The most common reason to avoid trans fat is it’s deleterious effects on our cardiovascular system and the increased risk of heart disease and diabetes. New research has found a yet another sinister way in which trans fat affects us: it can cause memory loss. And not just in your twilight years.
Researchers working out of the University of California-San Diego presented the results of their study at the American Heart Association’s Scientific Sessions 2014. Coauthor Beatrice A. Golomb, M.D., Ph.D., and professor of nutrition at UCSD stated, “Trans fats were most strongly linked to worse memory, in young and middle-aged men, during their working and career-building years.”
That’s an important point to note. Trans fat affects your brain even more when you’re under 45.
Golomb and other researchers tested participants by presenting them with a series of 104 flashcards. Subjects were asked to state whether each new card showed a word written on a previous card or a new one. The scientists found that for every gram of trans fat added to the diet of a working-age male, they remembered about one word less. The effects of trans fat on memory were the most significant with this age group.

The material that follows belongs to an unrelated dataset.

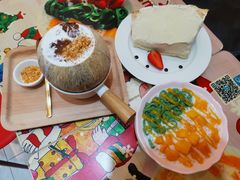 -甜心妈妈·榴莲星级糖水(北京路总店)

In the worst cases, involving participants eating high amounts of trans fat, memory test scores were about 10% lower. The average score for others was remembering 86 cards out of 104. High trans fat diets created average scores of about 75.
While trans fat may not be nearly as common as it once was, it is still in many surprising products. Trans fat is used as a preservative in many baked goods, chips, snacks and frozen foods as well as margarine and coffee creamers. Processed foods are notorious culprits. Luckily, the USDA requires manufacturers to say how much trans fat in particular is in their products, meaning you can always check the Nutrition Facts to see if it’s present.
According to Dr. Golomb, “As I tell patients, while trans fats increase the shelf life of foods, they reduce the shelf life of people.”
While the latest study on trans fat finds links between its consumption and memory loss among men, it has yet to be seen how it affects the memory of premenopausal women. However, that’s no reason to think it might be OK to eat. Trans fat will always be associated with obesity and heart disease; either of which should be another reason to avoid it. Memory loss is just the latest entry on the list.